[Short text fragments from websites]
====
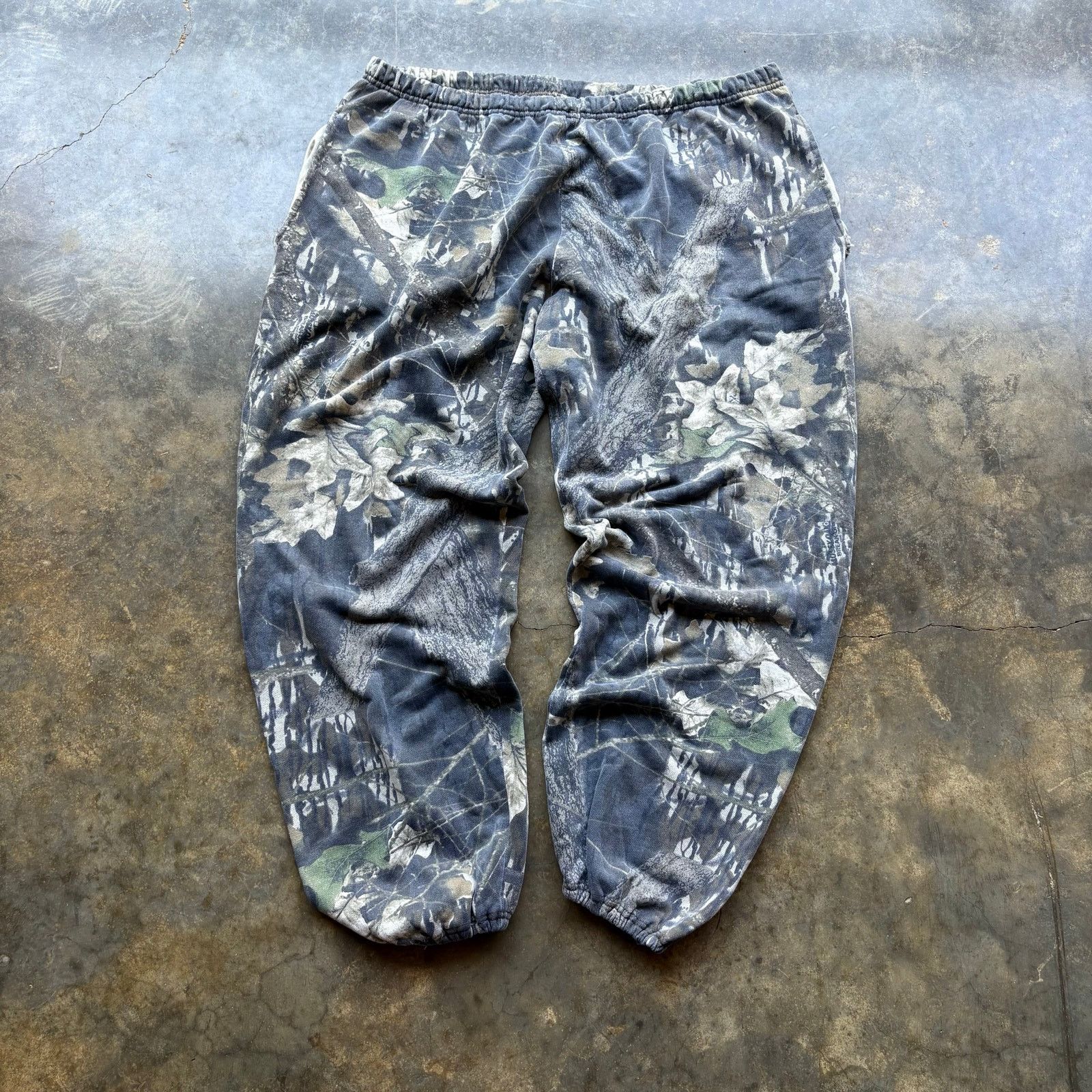 Mossy Oaks Vintage Baggy Faded Y2K Mossy oaks sweatpants Size US 42 / EU 58 - 2 Thumbnail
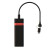 Various Verbatim Store 'n' Go M.2 NVMe SSD Enclosure Kit USB 3.2 Gen 2, compact black external SSD enclosure with red accents and USB-C connector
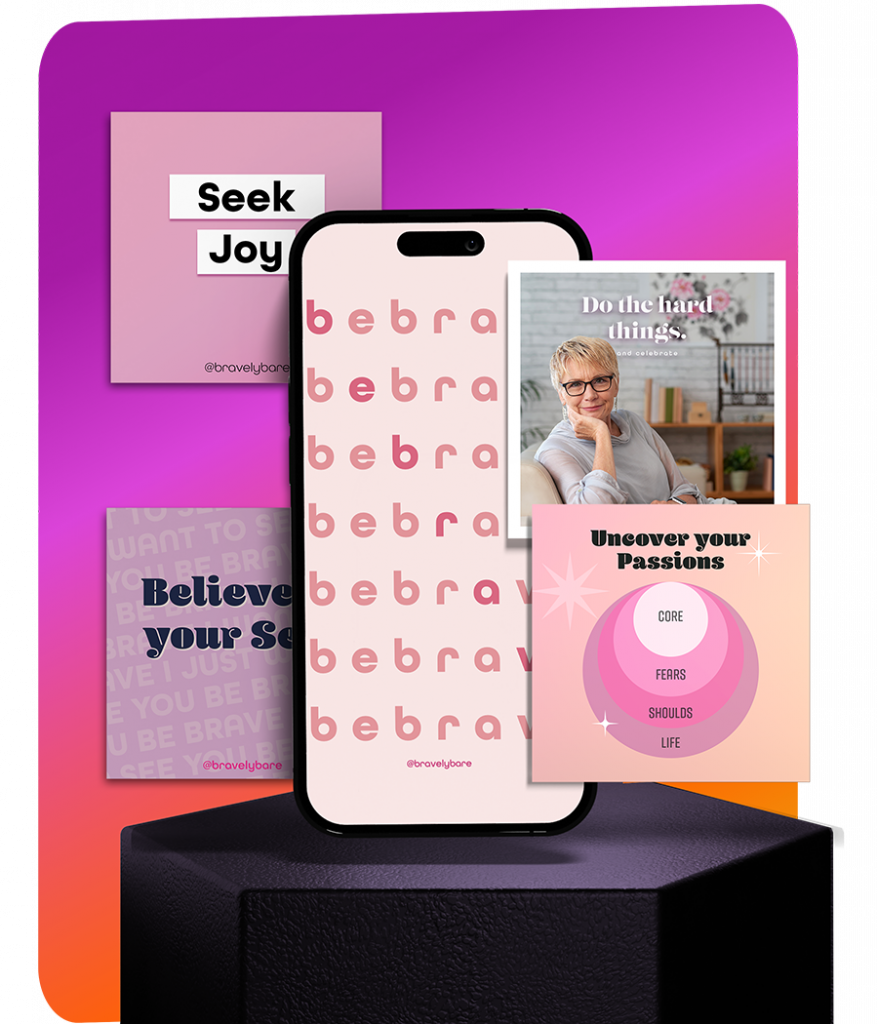 Awesome social media mockup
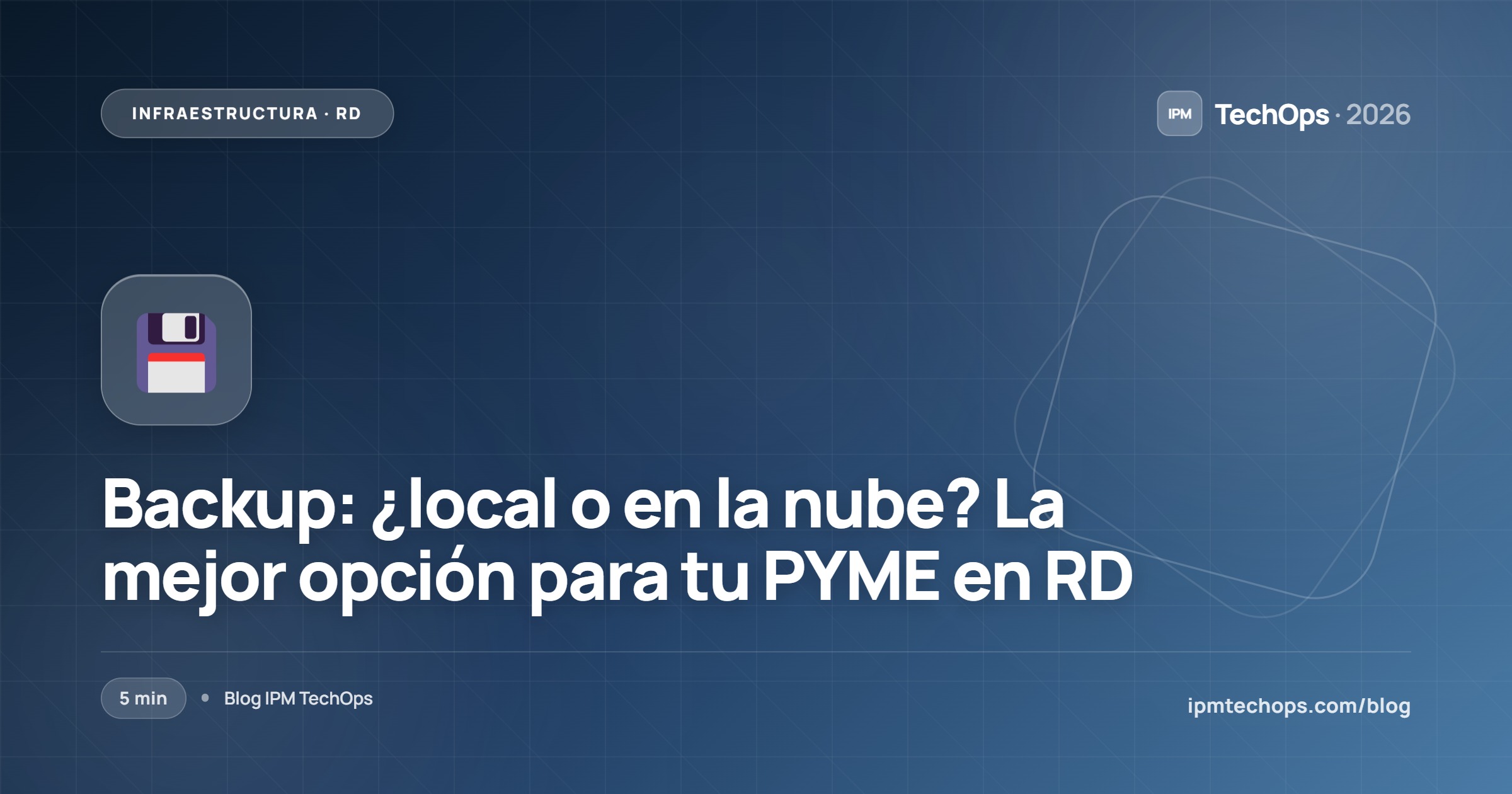 Backup: ¿local o en la nube? La mejor opción para tu PYME en RD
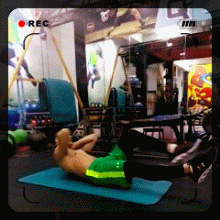 最骚的部位公狗腰，这才是炫“腹”的超高境界！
====
### What to work on
Copy every line of the data exactly as written, excluding the pictures.

### Task result
 Mossy Oaks Vintage Baggy Faded Y2K Mossy oaks sweatpants Size US 42 / EU 58 - 2 Thumbnail
 Various Verbatim Store 'n' Go M.2 NVMe SSD Enclosure Kit USB 3.2 Gen 2, compact black external SSD enclosure with red accents and USB-C connector
 Awesome social media mockup
 Backup: ¿local o en la nube? La mejor opción para tu PYME en RD
 最骚的部位公狗腰，这才是炫“腹”的超高境界！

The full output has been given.